Abstract

To investigate the efficacy of repeat transurethral resection of tumor in patients with non-muscle invasive bladder cancer. From March 2004 to August 2008, 462 patients (350 males, 112 females, aged from 35 to 83 years old) with non-muscle invasive bladder cancer, were evaluated according to tumor stage, grade and muscle or no muscle tissue in initial transurethral resected sample.

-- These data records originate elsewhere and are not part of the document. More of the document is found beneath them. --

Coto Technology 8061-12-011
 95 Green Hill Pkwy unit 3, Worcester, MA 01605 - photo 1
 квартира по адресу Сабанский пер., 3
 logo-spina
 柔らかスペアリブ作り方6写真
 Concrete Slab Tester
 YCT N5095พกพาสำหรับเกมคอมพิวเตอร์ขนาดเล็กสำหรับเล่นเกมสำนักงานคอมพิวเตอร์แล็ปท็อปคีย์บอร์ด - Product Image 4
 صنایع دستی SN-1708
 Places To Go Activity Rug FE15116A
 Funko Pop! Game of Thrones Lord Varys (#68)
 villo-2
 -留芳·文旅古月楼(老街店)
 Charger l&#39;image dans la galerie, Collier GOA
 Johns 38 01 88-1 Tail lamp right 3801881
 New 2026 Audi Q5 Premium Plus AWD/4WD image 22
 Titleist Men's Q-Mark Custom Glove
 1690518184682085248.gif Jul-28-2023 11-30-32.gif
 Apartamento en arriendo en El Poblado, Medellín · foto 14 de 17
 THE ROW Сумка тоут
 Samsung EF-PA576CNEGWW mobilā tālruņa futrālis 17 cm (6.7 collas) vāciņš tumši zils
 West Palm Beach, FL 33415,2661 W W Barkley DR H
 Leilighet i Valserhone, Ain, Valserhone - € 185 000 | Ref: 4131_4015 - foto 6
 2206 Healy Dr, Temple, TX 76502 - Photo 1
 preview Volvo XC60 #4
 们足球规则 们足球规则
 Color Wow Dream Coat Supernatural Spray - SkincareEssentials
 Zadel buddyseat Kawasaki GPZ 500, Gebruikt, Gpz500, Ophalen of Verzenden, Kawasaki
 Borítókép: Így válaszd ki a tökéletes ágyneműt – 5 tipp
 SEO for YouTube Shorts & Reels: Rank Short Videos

One hundred and twenty-five patients underwent repeat transurethral resection of bladder tumor within 4 to 6 weeks after initial resection. Of these 125 patients 49 were Ta, 76 were T1, 58 were low grade carcinoma, 67 were high grade carcinoma and 30 were not found presence of muscle tissue in initial resected sample in patients with T1 stage. Of the 125 cases, 34.4% (43/125) had residual tumor and 65.6% (82/125) had no tumor on repeat transurethral resection. Of 43 cases with residual tumor 35 had non-muscle invasive tumor including 15 in Ta and 20 in T1. The patients with high grade carcinoma had more residual tumor than those with low grade carcinoma (P < 0.05). The patients with muscle tissue in initial transurethral resected sample had fewer residual tumor than those without (P < 0.05). Twelve cases (9.6%) were understated at initial resection. Six cases (4.8%) had bladder perforation and 7 (5.6%) had bleeding during repeat transurethral resection. All cases were followed up for 3 to 56 months (median 26 months), 37.2% (16/43) patients with residual tumor in repeat transurethral resection had recurrence while only 12.2% (10/82) without residual tumor in repeat transurethral resection did (P < 0.05). Routine repeat transurethral resection is advised to non-muscle invasive bladder cancer patients with T1 tumor or high grade carcinoma or no muscle tissue in initial transurethral resected sample within 4 to 6 weeks after initial resection. Repeat transurethral resection could increases the stage accuracy.